### Records provided
···
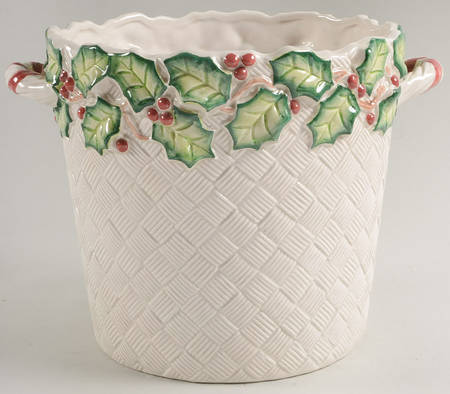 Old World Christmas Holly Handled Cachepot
···
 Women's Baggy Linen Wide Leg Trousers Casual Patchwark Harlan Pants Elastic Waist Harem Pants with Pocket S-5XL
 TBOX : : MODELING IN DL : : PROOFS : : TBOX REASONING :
···
### Assignment
Every line above from the line with "Women's Baggy Linen" to the line with "TBOX : : MODELING" is wanted, ends included; write them out exactly and add no other line.

### Exercise output
 Women's Baggy Linen Wide Leg Trousers Casual Patchwark Harlan Pants Elastic Waist Harem Pants with Pocket S-5XL
 TBOX : : MODELING IN DL : : PROOFS : : TBOX REASONING :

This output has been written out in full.